• _Instructions for the task_
Give every entry below again, exactly as written, and skip the images.

• _Entries shown_

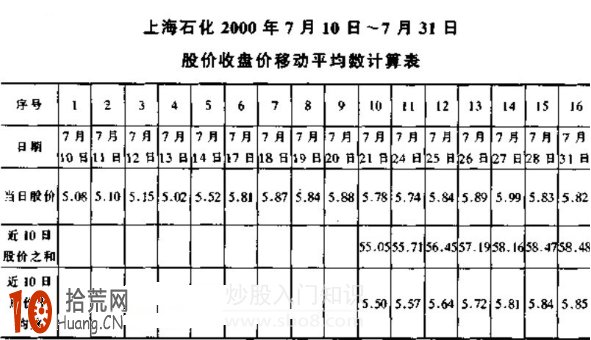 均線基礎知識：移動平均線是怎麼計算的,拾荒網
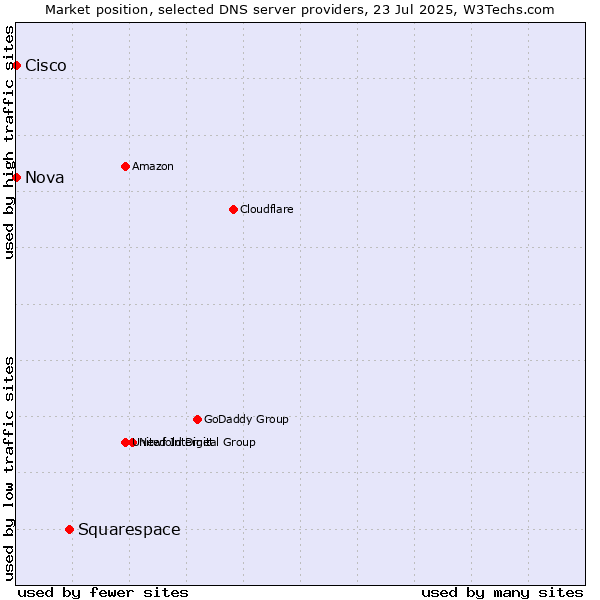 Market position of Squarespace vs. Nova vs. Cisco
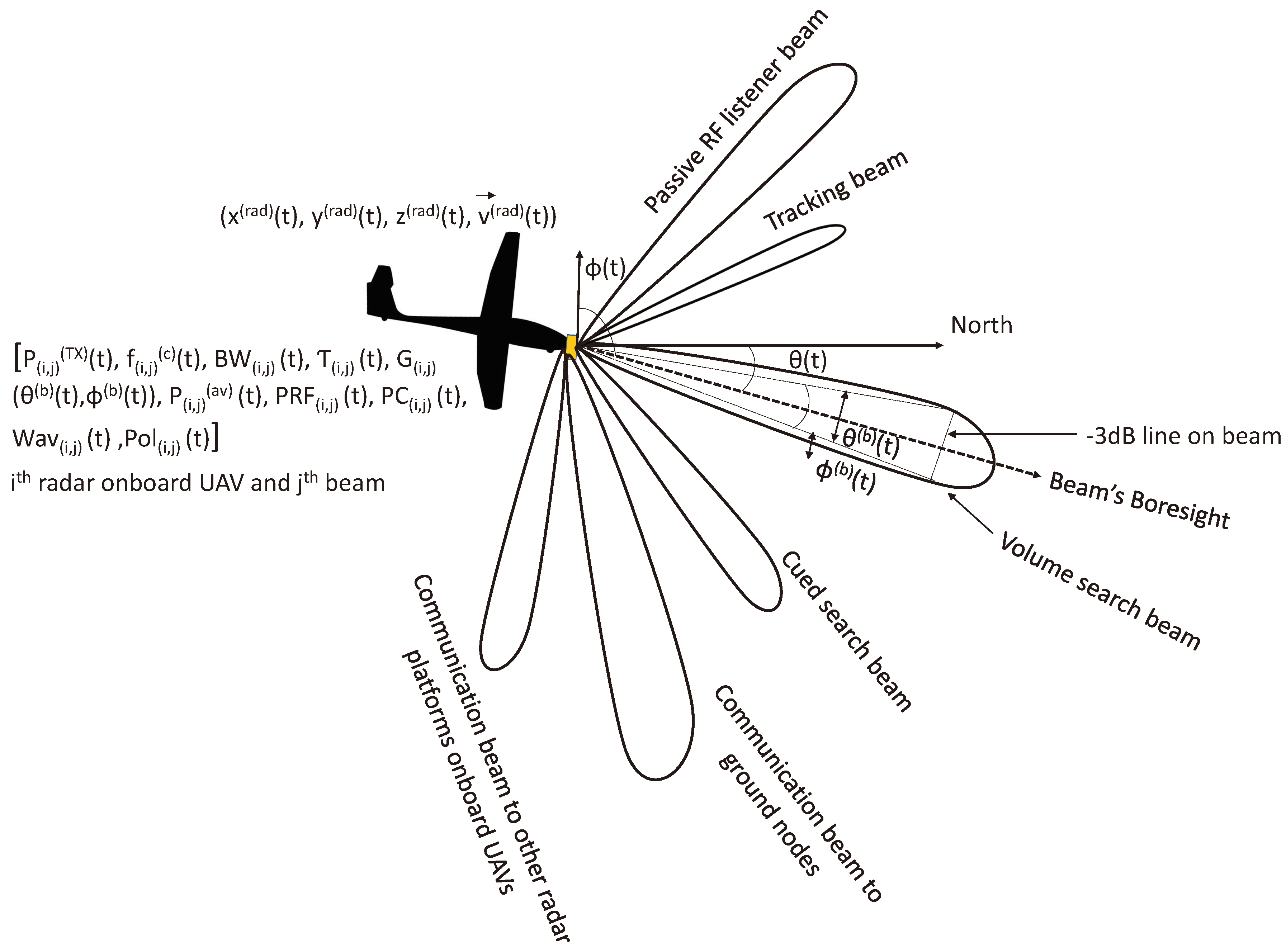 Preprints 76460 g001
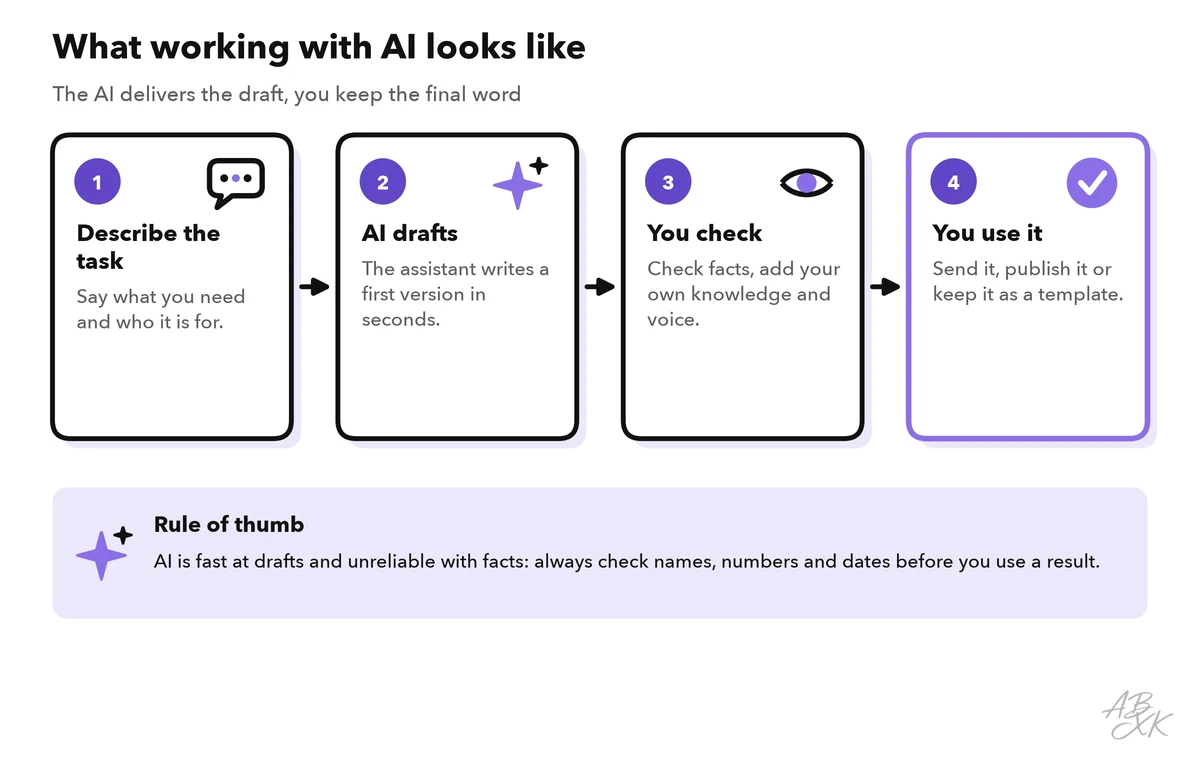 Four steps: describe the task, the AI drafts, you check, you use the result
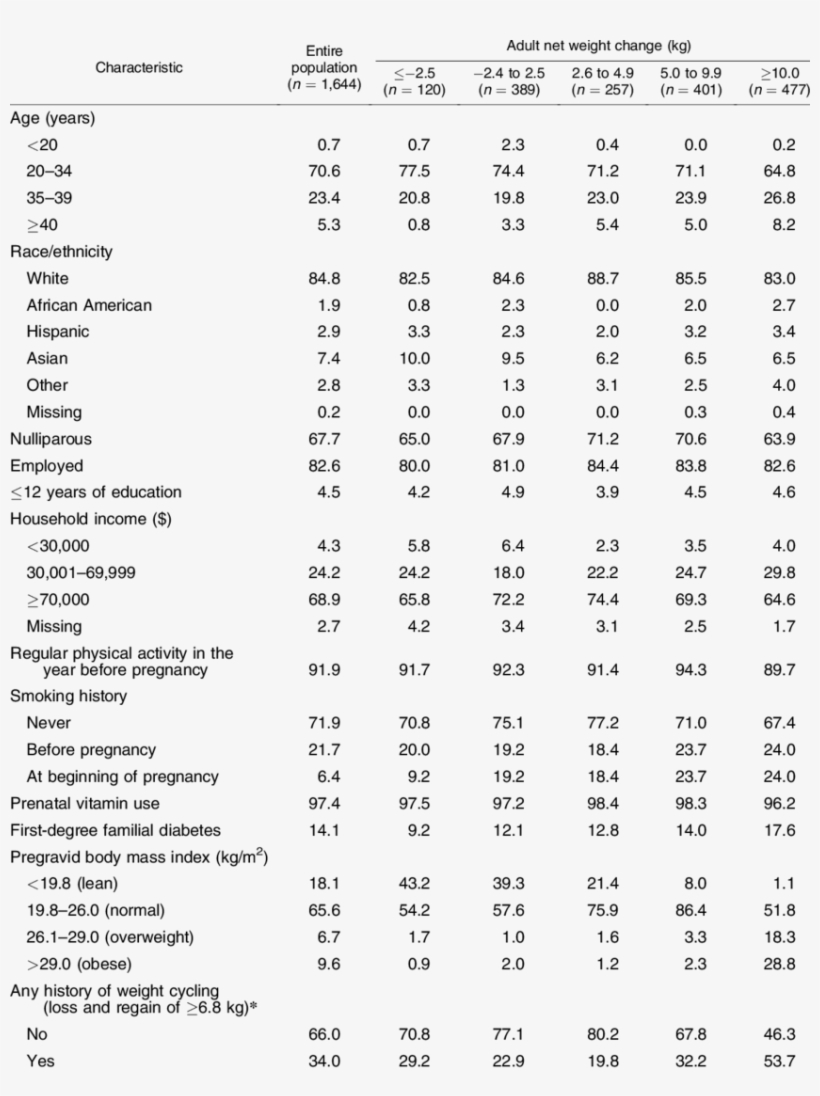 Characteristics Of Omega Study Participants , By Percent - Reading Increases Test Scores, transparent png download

• _Solution for this task_
 均線基礎知識：移動平均線是怎麼計算的,拾荒網
 Market position of Squarespace vs. Nova vs. Cisco
 Preprints 76460 g001
 Four steps: describe the task, the AI drafts, you check, you use the result
 Characteristics Of Omega Study Participants , By Percent - Reading Increases Test Scores, transparent png download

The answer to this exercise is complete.